32. List and define the control statements in R.

There are three groups of control statements in R: conditional statements, loop statements, and jump statements.

Conditional statements:

  • if—tests whether a given condition is true and provides operations to perform if it's so.
  • if-else—tests whether a given condition is true, provides operations to perform if it's so and another set of operations to perform in the opposite case.
  • if... else if... else—tests a series of conditions one by one, provides operations to perform for each condition if it's true, and a fallback set of operations to perform if none of those conditions is true.
  • switch—evaluates an expression against the items of a list and returns a value from the list based on the results of this evaluation.

Loop statements:

  • for—in for loops, iterates over a sequence.
  • while—in while loops, checks if a predefined logical condition (or several logical conditions) is met at the current iteration.
  • repeat—in repeat loops, continues performing the same set of operations until a predefined break condition (or several break conditions) is met.

Jump statements:

  • next—skips a particular iteration of a loop and jumps to the next one if a certain condition is met.
  • break—stops and exits the loop at a particular iteration if a certain condition is met.
  • return—exits a function and returns the result.

33. What are regular expressions, and how do you work with them in R?

A regular expression, or regex, in R or other programming languages, is a character or a sequence of characters that describes a certain text pattern and is used for mining text data. In R, there are two main ways of working with regular expressions:

  1. Using the base R and its functions (such as grep(), regexpr(), gsub(), regmatches(), etc.) to locate, match, extract, and replace regex.
  2. Using a specialized stringr package of the tidyverse collection. This is a more convenient way to work with R regex since the functions of stringr have much more intuitive names and syntax and offer more extensive functionality.

A Guide to R Regular Expressions provides more detail about how to work with regex in R.

34. What packages are used for machine learning in R?
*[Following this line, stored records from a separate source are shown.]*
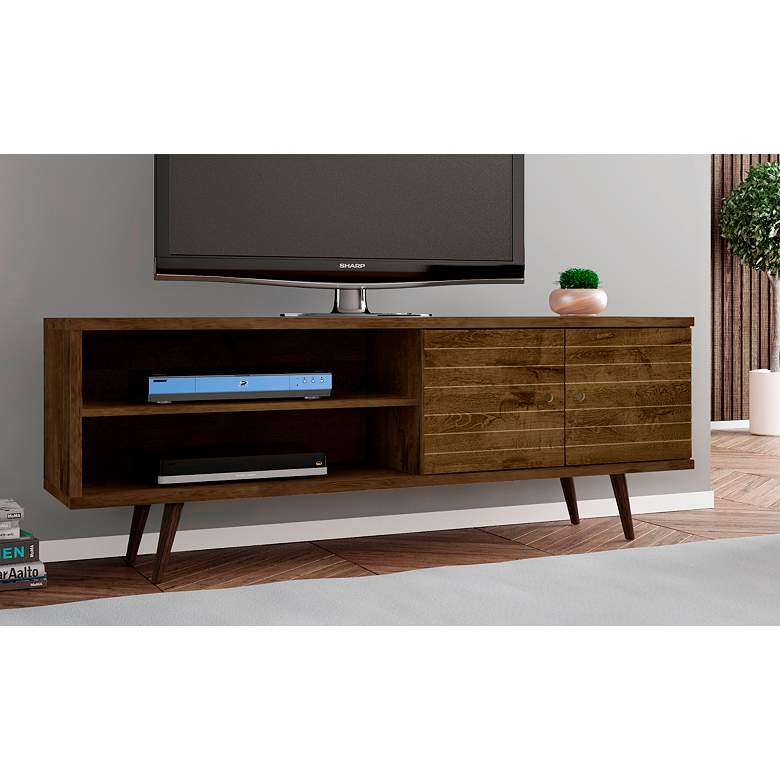 Image 1 Liberty 63" Wide Rustic Wood 2-Door Modern TV Stand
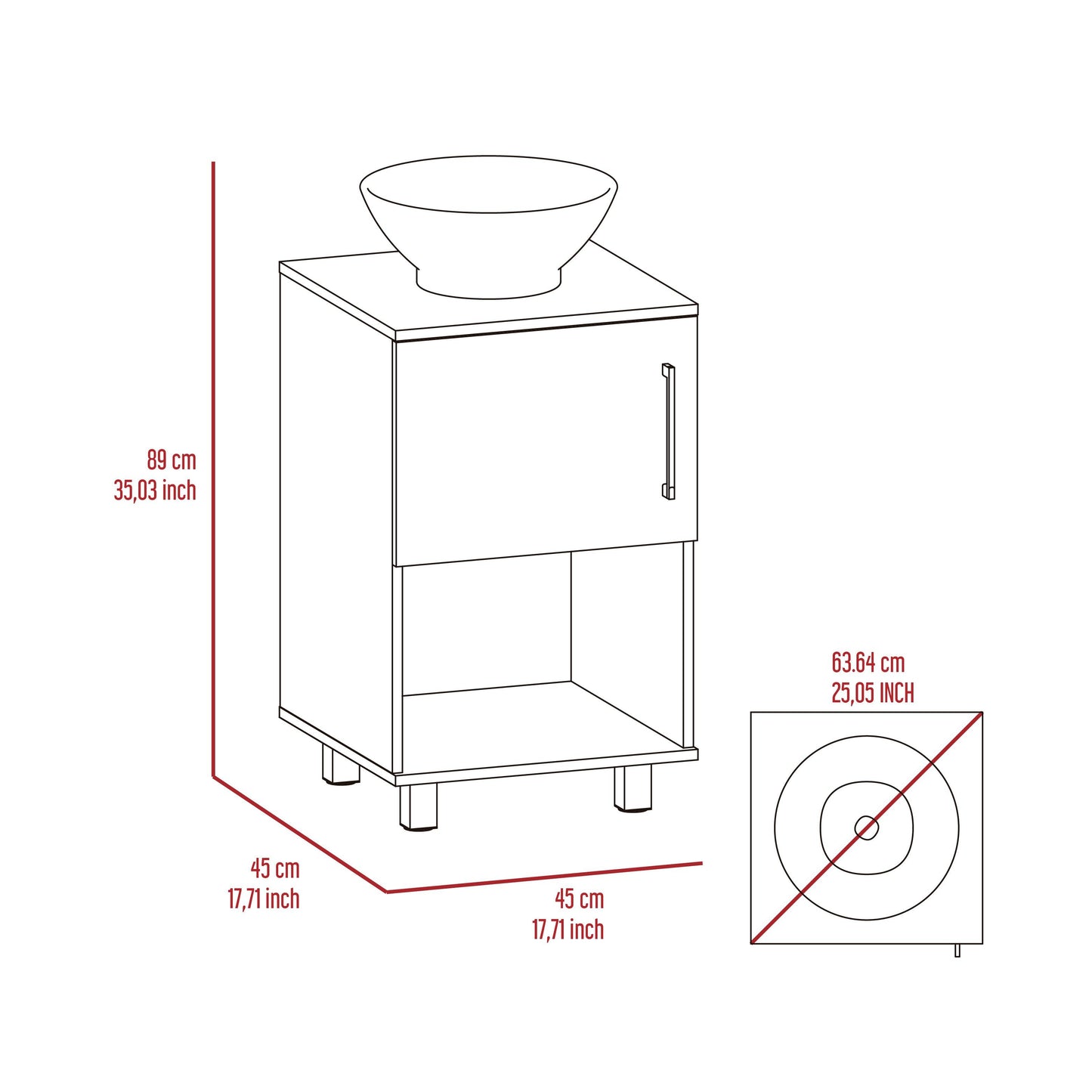 Mueble Lavamanos Gorby,Wengue, con Puerta Abatible e Incluye Lavamanos. - VIRTUAL MUEBLES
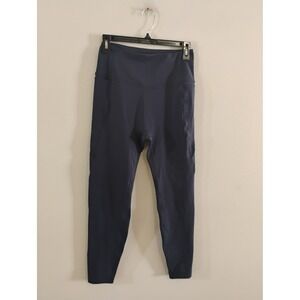 Bossi Navy Blue High Waisted Athletic Leggings with Pockets Size Medium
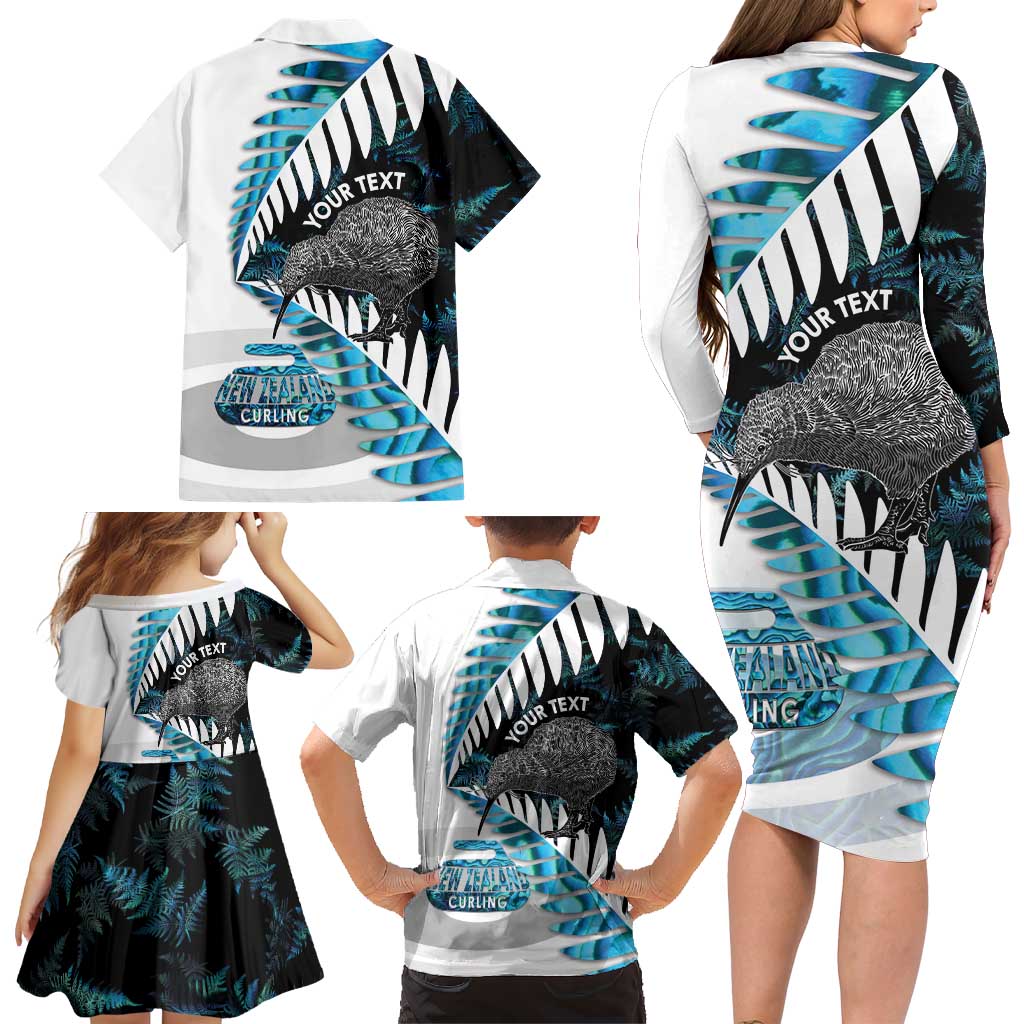 New Zealand Silver Fern Curling Personalised Family Matching Long Sleeve Bodycon Dress and Hawaiian Shirt Aotearoa Kiwi Ponga Paua Shell Version - Polynesian Pride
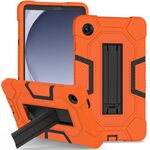 Per Samsung Galaxy Tab A9 X115 Custodia per tablet PC ibrida in silicone robot con colore a contrasto con supporto (arancione nero)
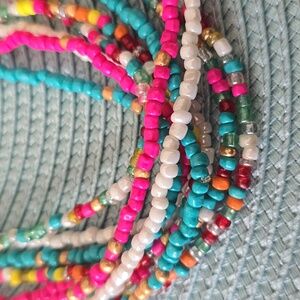BIJOUX BRAND WOMEN'S COLORFUL FASHION JEWELRY LONG 5 STRETCH BEADS NECKLACES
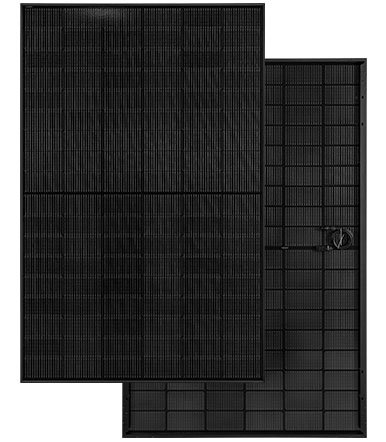 ein schwarzes solarmodul der firma bauer solar, jeweils einmal von vorne und einmal von hinten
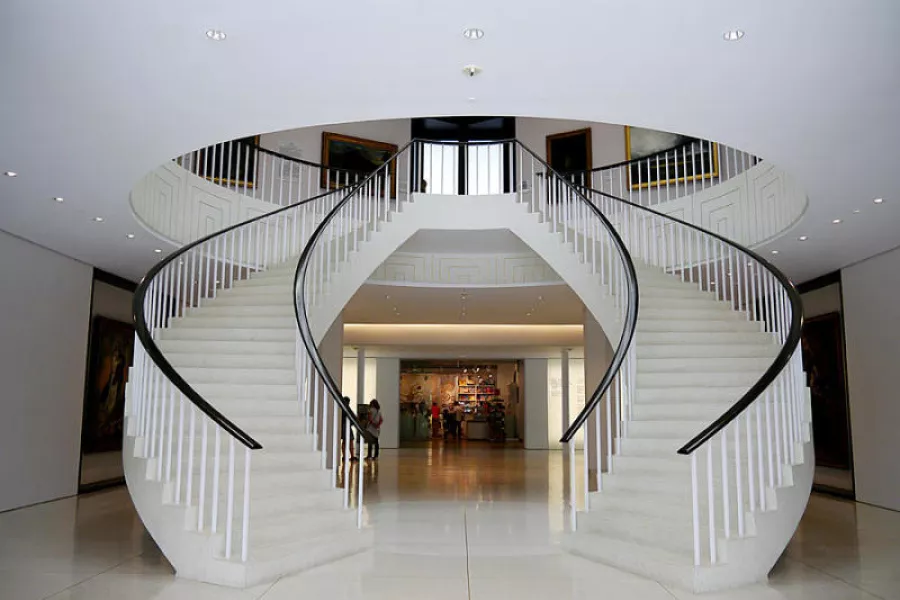 Elegant staircase inside Museo de Arte de Ponce, one of the must-visit things to do in Ponce.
  • caret—for various classification and regression algorithms.
  • e1071—for support vector machines (SVM), naive Bayes classifier, bagged clustering, fuzzy clustering, and k-nearest neighbors (KNN).
  • kernlab—provides kernel-based methods for classification, regression, and clustering algorithms.
  • randomForest—for random forest classification and regression algorithms.
  • xgboost—for gradient boosting, linear regression, and decision tree algorithms.
  • rpart—for recursive partitioning in classification, regression, and survival trees.
  • glmnet—for lasso and elastic-net regularization methods applied to linear regression, logistic regression, and multinomial regression algorithms.
  • nnet—for neural networks and multinomial log-linear algorithms.
  • tensorflow—the R interface to TensorFlow, for deep neural networks and numerical computation using data flow graphs.
  • Keras—the R interface to Keras, for deep neural networks.

35. How to select features for machine learning in R?

Let's consider three different approaches and how to implement them in the caret package.

  1. By detecting and removing highly correlated features from the dataset.

We need to create a correlation matrix of all the features and then identify the highly correlated ones, usually those with a correlation coefficient greater than 0.75:

corr_matrix <- cor(features)
highly_correlated <- findCorrelation(corr_matrix, cutoff=0.75)
print(highly_correlated)
  1. By ranking the data frame features by their importance.

We need to create a training scheme to control the parameters for train, use it to build a selected model, and then estimate the variable importance for that model:

control <- trainControl(method="repeatedcv", number=10, repeats=5)
model <- train(response_variable~., data=df, method="lvq", preProcess="scale", trControl=control)
importance <- varImp(model)
print(importance)
  1. By automatically selecting the optimal features.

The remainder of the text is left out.